In a preliminary version of the report, set to be released fully next month, the OECD found Canada's household debt ranked as the highest among the 35 developed and developing countries the group monitors.
The rapid accumulation of household debt for Canadians could also leave its economy particularly vulnerable to shocks, the organization said.
"Although in part this reflects strong population growth, these developments may entail significant risk to financial stability given the direct exposure of the financial system to the housing market," the OECD said.
The group found Canada's household debt-to-GDP (gross domestic product) ratio had ballooned to 101 percent — significantly higher than any other nation studied.
In comparison, the ratio for South Korea was the next highest at slightly under 93 percent, with the U.K. third at over 88 percent.

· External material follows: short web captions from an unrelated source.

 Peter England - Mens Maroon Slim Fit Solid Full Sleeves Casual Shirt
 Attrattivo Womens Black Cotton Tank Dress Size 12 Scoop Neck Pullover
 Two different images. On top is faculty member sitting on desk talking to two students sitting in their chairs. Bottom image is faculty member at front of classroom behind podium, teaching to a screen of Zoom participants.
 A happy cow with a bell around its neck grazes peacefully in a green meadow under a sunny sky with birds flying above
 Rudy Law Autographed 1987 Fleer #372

In the U.S., the household debt-to-GDP ratio was around 80 percent, while Germany and France had a ratio below 60 percent.
"Research points to a number of links between high indebtedness and the risks of severe recessions," the group said.

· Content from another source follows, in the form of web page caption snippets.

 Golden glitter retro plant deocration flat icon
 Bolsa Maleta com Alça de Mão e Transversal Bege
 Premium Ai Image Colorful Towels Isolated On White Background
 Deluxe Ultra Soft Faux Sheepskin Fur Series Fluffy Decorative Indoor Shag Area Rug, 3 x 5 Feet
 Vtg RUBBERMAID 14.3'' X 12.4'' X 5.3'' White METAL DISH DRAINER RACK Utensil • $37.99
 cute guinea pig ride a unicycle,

While virtually all countries witnessed soaring debt loads ahead of the credit crisis a decade ago, most have seen their indebtedness reduce over time.
However, for Canada — and some countries in Scandinavia — this has not been the case, with OECD pinning the blame on inflated house prices.
"OECD countries that have experienced the strongest increases in household debt since the crisis have also the steepest rise in house prices," the group said.